Absolutely. Here in Seattle norovirus is breaking out everywhere. Again. Concentrated in assisted care facilities senior citizens have to be isolated or taken to the hospital. It’s also coming from restaurants and airports. Washington state recognizes the importance of medicade and sign many people up for it free all the time.
http://www.seattlepi.com/news/article/Norovirus-outbreak-sickens-39-in-Tacoma-senior-12457018.php

5 Likes

Because it really isn’t greed. From an economic perspective, it’s about assfucking the providers–the hospitals, physician and allied health practices–in furtherance of their hard, rigid Randian Bircher dogmatic ideology, with an added 10,000 rem dose of blinding stupid on the side.

The oligarchs aren’t saving a dime by doing this, at least not directly. They’re doing this because they fear, above all, the idea of people forming any kind of relationship with government that causes them to view government as force for good and as a potential ally against the Koch, Walton, DeVos, Mercer and other crime families seeking to reduce the nation to neofeudal warlordism. And, of course, the very idea of regular people being freed from the need to hold down a corporate job to keep the kids insured so they can take entrepreneurial risks that might result in horrible, horrible competition–if only wage competition–is anathema to them.

Ideally, they want the government so weak and small and subservient that all it does is provide the Peacekeepers to gun down any serfs who get uppity. But if they can’t have that, they’ll take poisoning the relationship over and over again by making people view government as fickle and capricious, taking things away from them after they have them, making putting any kind of faith in government a risk.
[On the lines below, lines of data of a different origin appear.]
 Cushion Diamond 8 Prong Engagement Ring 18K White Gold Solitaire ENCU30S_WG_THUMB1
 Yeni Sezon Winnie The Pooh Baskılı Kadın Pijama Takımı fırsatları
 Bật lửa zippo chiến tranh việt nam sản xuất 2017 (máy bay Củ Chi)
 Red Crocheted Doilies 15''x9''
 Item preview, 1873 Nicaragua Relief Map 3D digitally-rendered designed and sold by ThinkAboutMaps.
And if the healthcare industry people who dared defect from the oligarch line take a hit in the bottom line, have to jack up costs more to cover the losses and have to return to the days of suing the uninsured into bankruptcy, that’s all to the good as well. Teaches the treacherous bastards on both sides an important lesson about who holds the whip and who gets tied to the post.

12 Likes

make it a straightforward tax that everyone owes because of our shared humanity…
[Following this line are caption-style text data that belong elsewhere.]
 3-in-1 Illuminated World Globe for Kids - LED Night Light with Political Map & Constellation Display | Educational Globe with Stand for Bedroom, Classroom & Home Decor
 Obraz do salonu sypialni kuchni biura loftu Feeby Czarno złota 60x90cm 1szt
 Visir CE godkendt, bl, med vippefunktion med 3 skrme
The Koch brothers, Robert Mercer, and the rest of the Republican Party completely reject any notion of “shared humanity.” Their philosophy is nothing less than “I’ve got mine, so fuck you.”

“They’re doing this because they fear, above all, the idea of people forming any kind of relationship with government that causes them to view government as force for good and as a potential ally against the Koch, Walton, DeVos, Mercer and other crime families seeking to reduce the nation to neofeudal warlordism.”

Perfectly stated.

Eventually the Democratic Party is going to have to directly acknowledge the ideological struggle that you allude to. The central animating principle of the Republican Party since 1980 has been the demonization of the very concept of government at every level, and Dems rarely issue an unapologetic and aggressive defense of government, much less mount an aggressive attack on the parasitic Grover Norquists selling their snake oil.

I wish HRC had kicked off her 2016 campaign in Kansas to highlight the inevitably disastrous consequences of Kochism. The vast majority of American citizens have no clue what kind of clusterfuck that Kochism has created in Kansas, and it’s the same clusterfuck that Ryan and the Koch bros want to inflict on the rest of the country.